WHAT TO WORK ON: Output the entries below word for word, stopping once the line containing "38 Doe Circle, Bailey, CO 80421" is done, and omit each picture.

DATASET EXCERPTS:
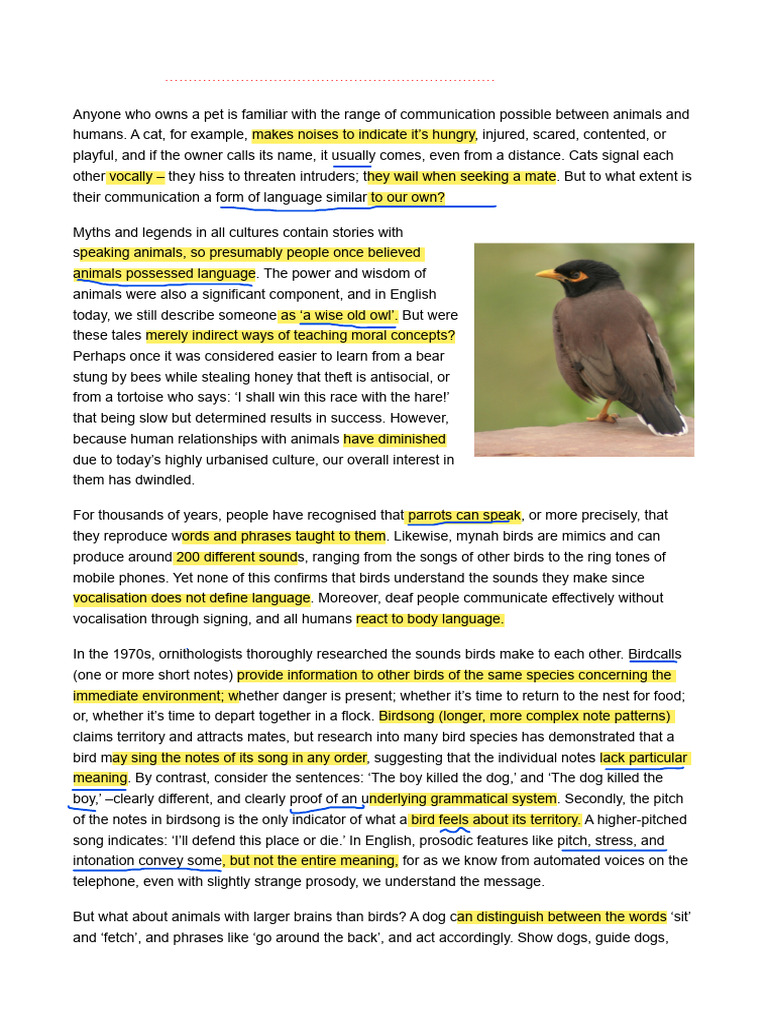 Birds Language Reading | PDF | Chimpanzee | Communication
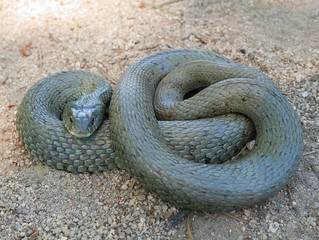 closeup photography of the head of a snake Natrix astreptophora, barred grass snake, picture taken in Garraf near Barcelona Spain.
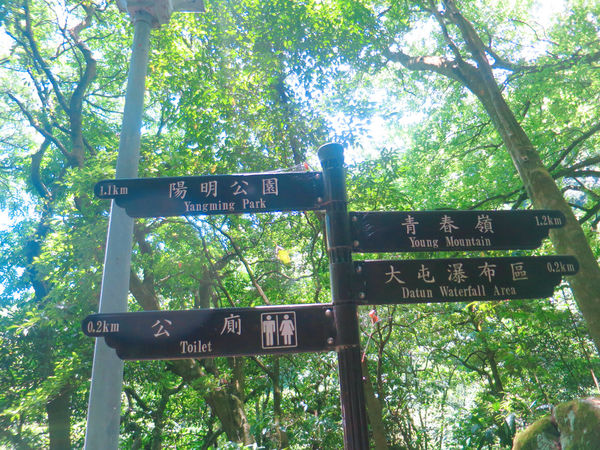 大屯瀑布 (15).JPG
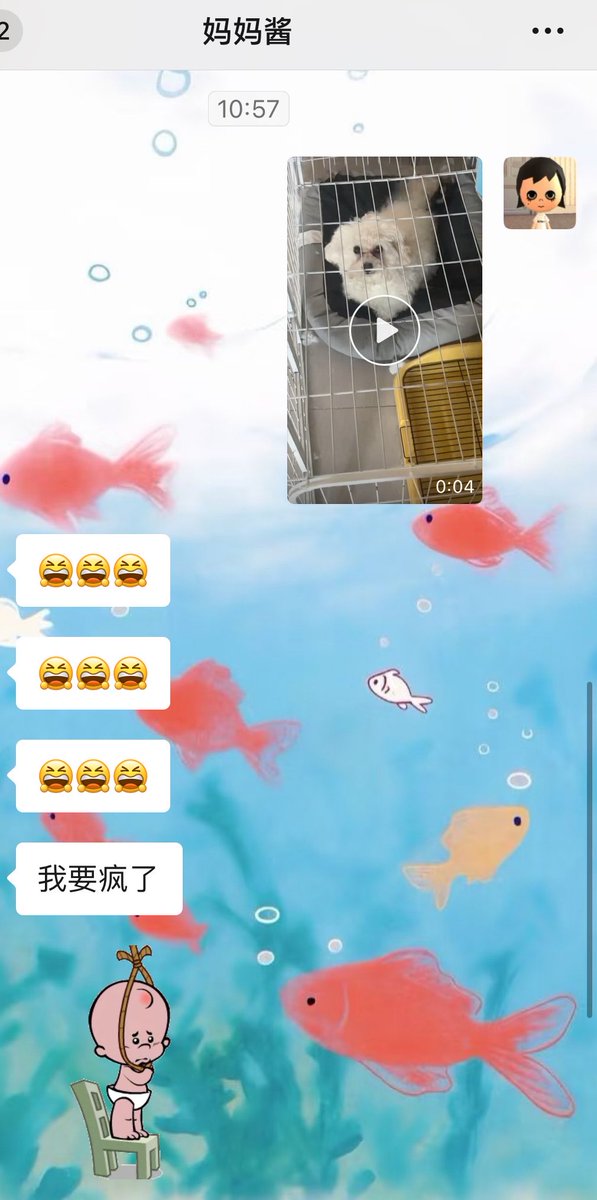 我现在有点冷酷 tweet media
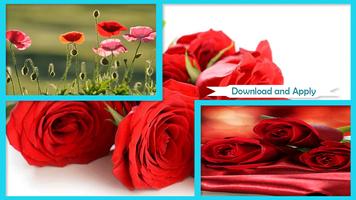 Red Roses Wallpaper HD Affiche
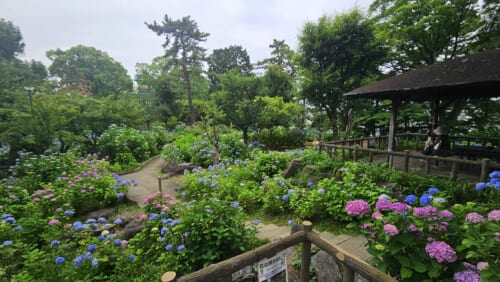 My Japan: Work, Sweets, and Seasonal Events
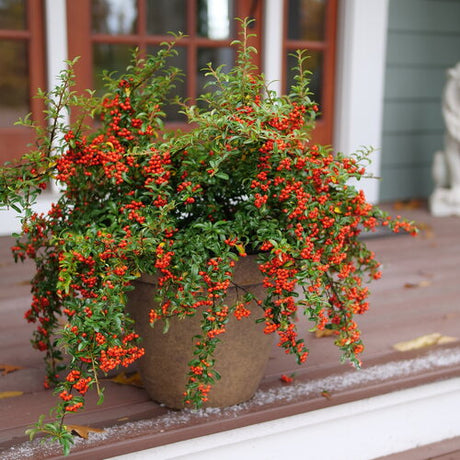 Berry Box Proven Winners plant in a pot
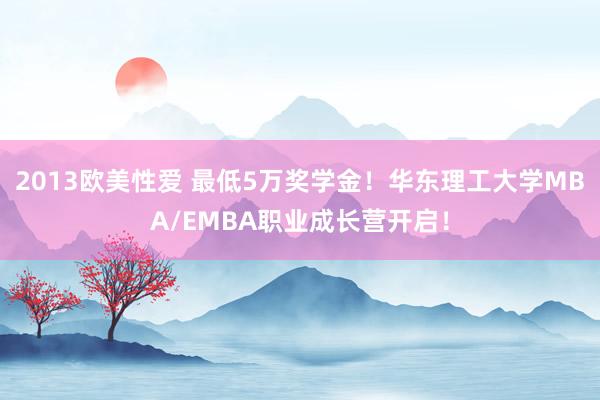 2013欧美性爱 最低5万奖学金！华东理工大学MBA/EMBA职业成长营开启！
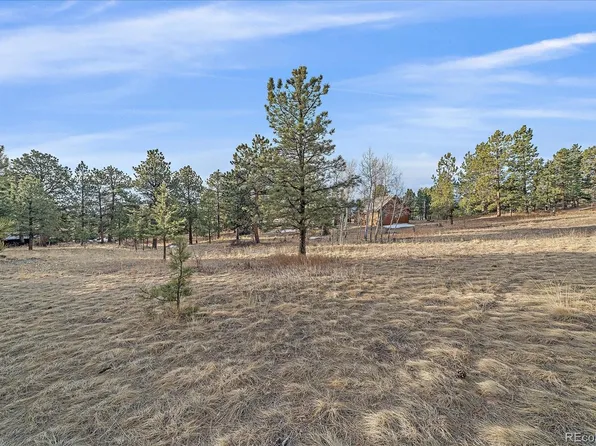 38 Doe Circle, Bailey, CO 80421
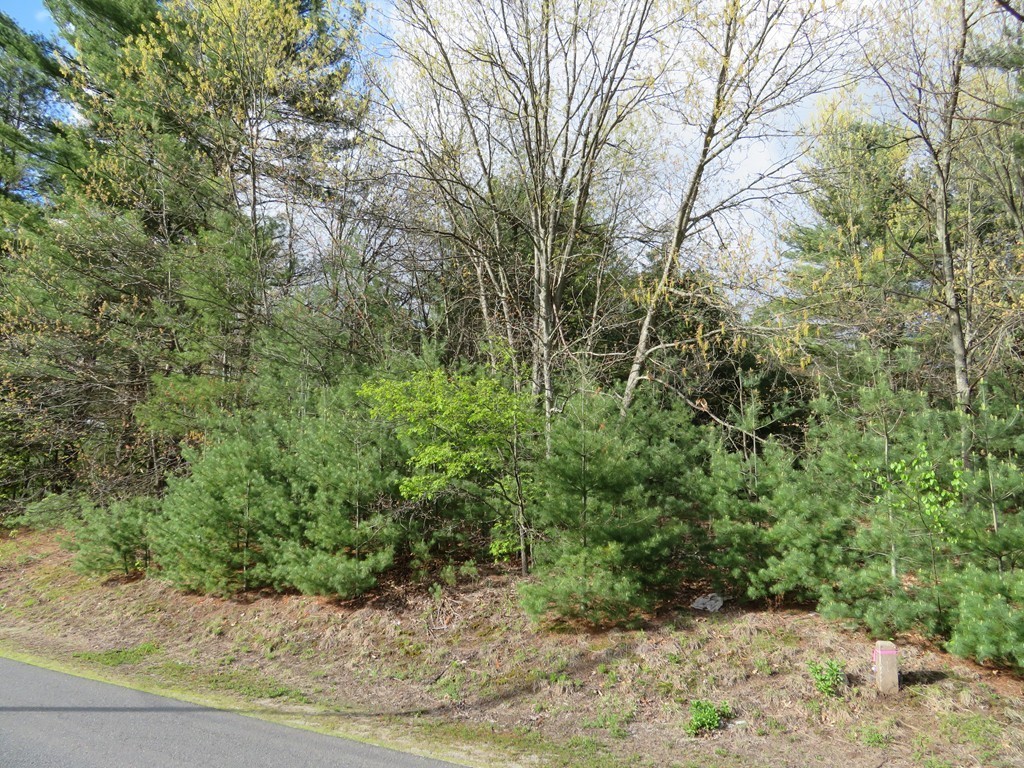 13 Cook Road Southampton, MA 01073 - Photo 3 of 5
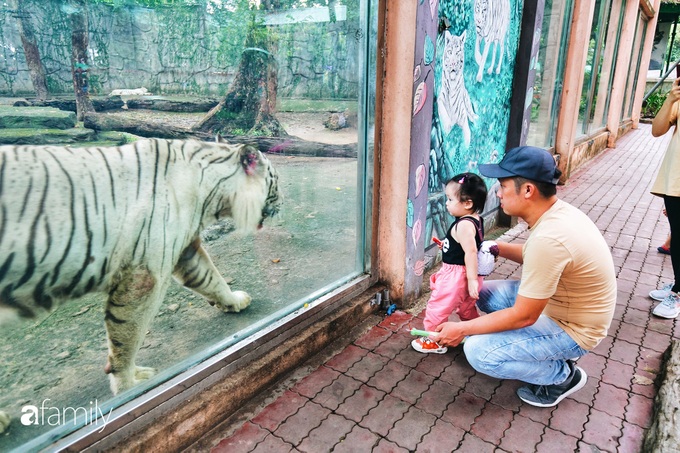Lịch sử hơn 150 năm, nhưng đây là 9 sự thật có thể bạn chưa biết về Thảo Cầm Viên khiến nơi này thú vị và kỳ bí hơn bạn tưởng rất nhiều - Ảnh 8. Lịch sử hơn 150 năm, nhưng đây là 9 sự thật có thể bạn chưa biết về Thảo Cầm Viên khiến nơi này thú vị và kỳ bí hơn bạn tưởng rất nhiều - Ảnh 8.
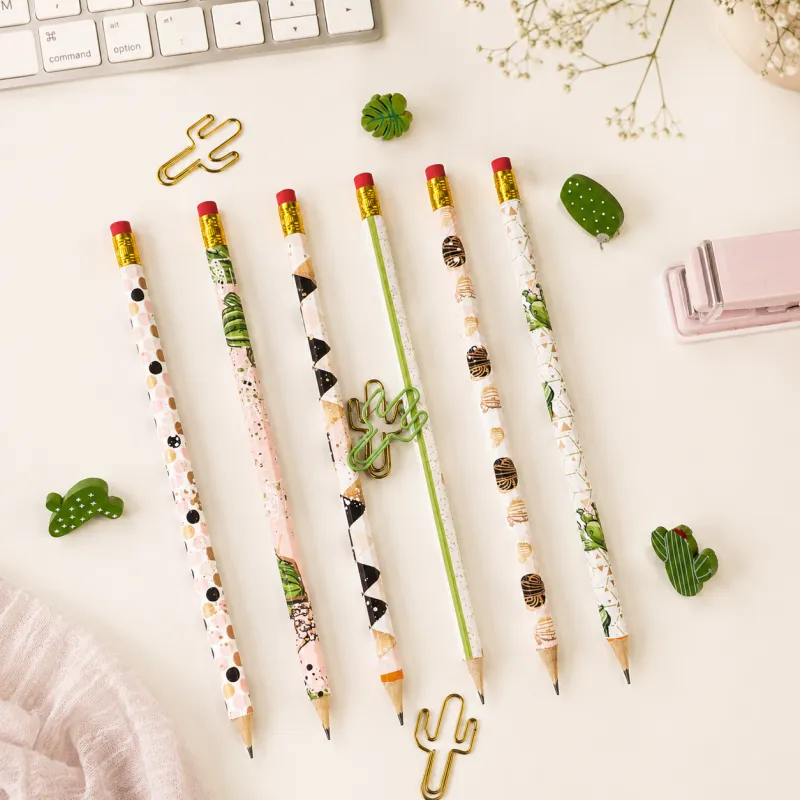 🌵 Cactus Pencil Collection, Set of 6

ANSWER SPACE:
 Birds Language Reading | PDF | Chimpanzee | Communication
 closeup photography of the head of a snake Natrix astreptophora, barred grass snake, picture taken in Garraf near Barcelona Spain.
 大屯瀑布 (15).JPG
 我现在有点冷酷 tweet media
 Red Roses Wallpaper HD Affiche
 My Japan: Work, Sweets, and Seasonal Events
 Berry Box Proven Winners plant in a pot
 2013欧美性爱 最低5万奖学金！华东理工大学MBA/EMBA职业成长营开启！
 38 Doe Circle, Bailey, CO 80421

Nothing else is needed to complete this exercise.